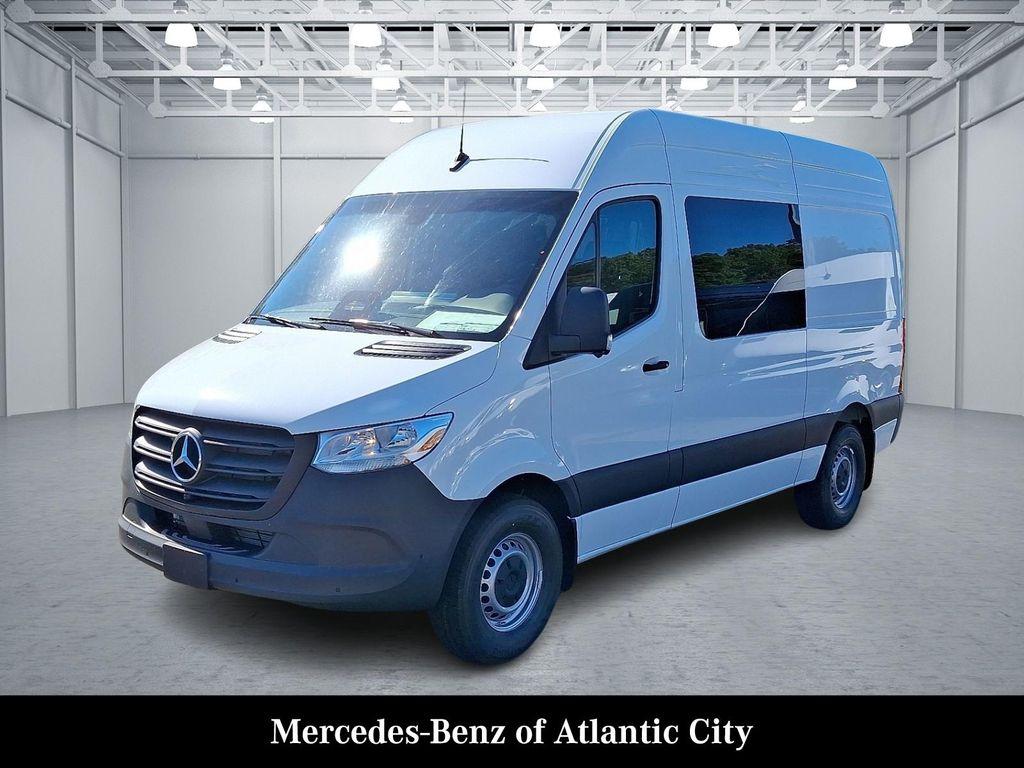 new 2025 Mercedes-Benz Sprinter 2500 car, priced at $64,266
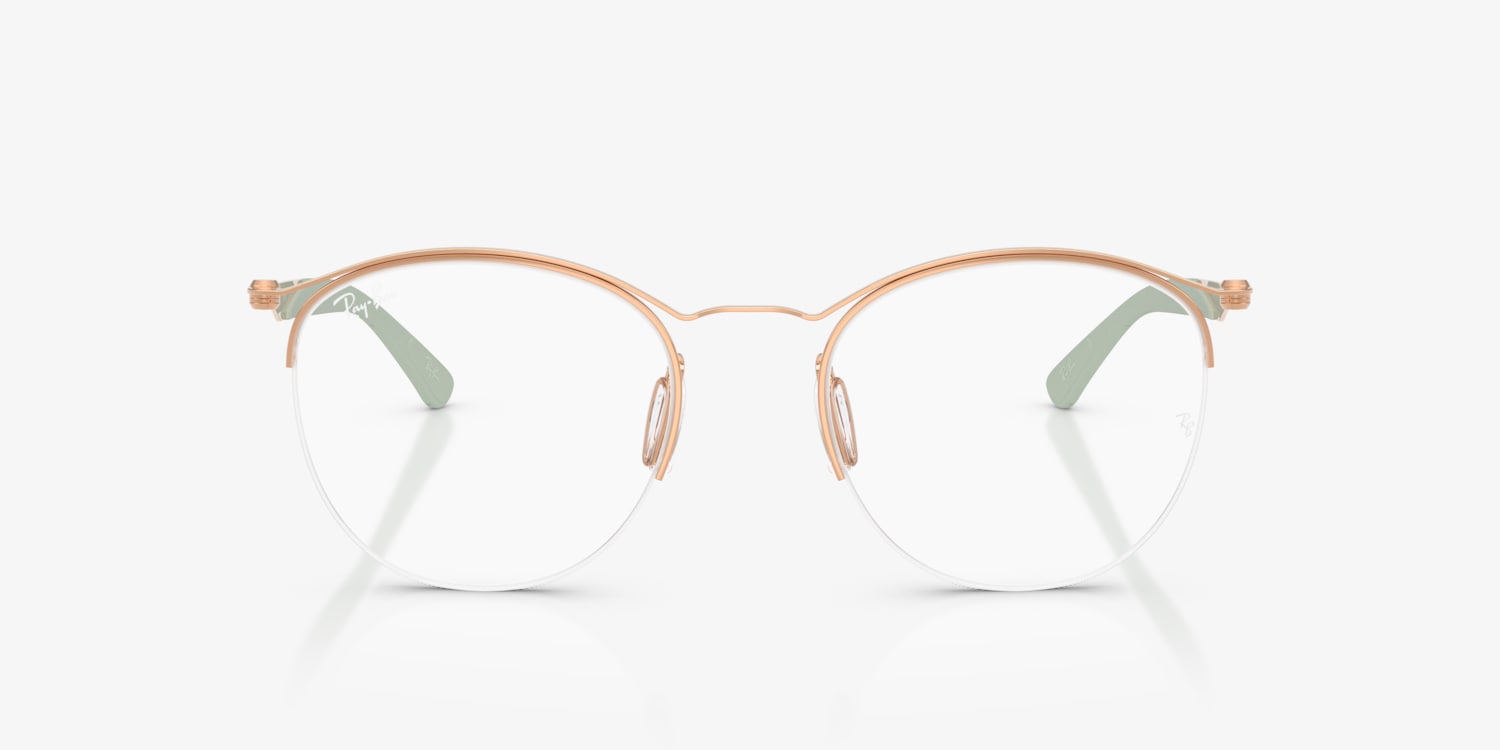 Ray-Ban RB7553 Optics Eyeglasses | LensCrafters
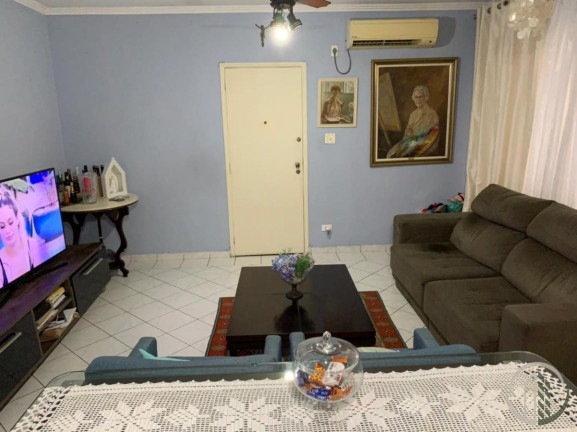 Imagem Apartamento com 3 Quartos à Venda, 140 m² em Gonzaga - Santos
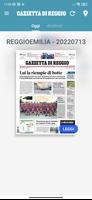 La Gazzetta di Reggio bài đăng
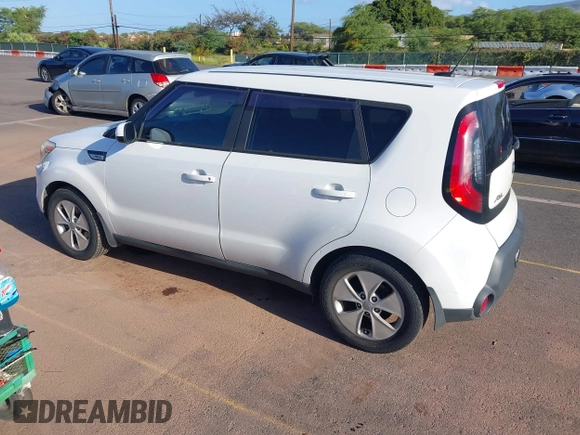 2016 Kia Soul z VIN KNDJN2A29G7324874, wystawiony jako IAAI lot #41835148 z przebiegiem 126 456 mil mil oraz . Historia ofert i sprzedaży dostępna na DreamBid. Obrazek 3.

********************

**Task to complete:**
Leaving the images out, return every record exactly.

**Task answer:**
 new 2025 Mercedes-Benz Sprinter 2500 car, priced at $64,266
 Ray-Ban RB7553 Optics Eyeglasses | LensCrafters
 Imagem Apartamento com 3 Quartos à Venda, 140 m² em Gonzaga - Santos
 La Gazzetta di Reggio bài đăng
 2016 Kia Soul z VIN KNDJN2A29G7324874, wystawiony jako IAAI lot #41835148 z przebiegiem 126 456 mil mil oraz . Historia ofert i sprzedaży dostępna na DreamBid. Obrazek 3.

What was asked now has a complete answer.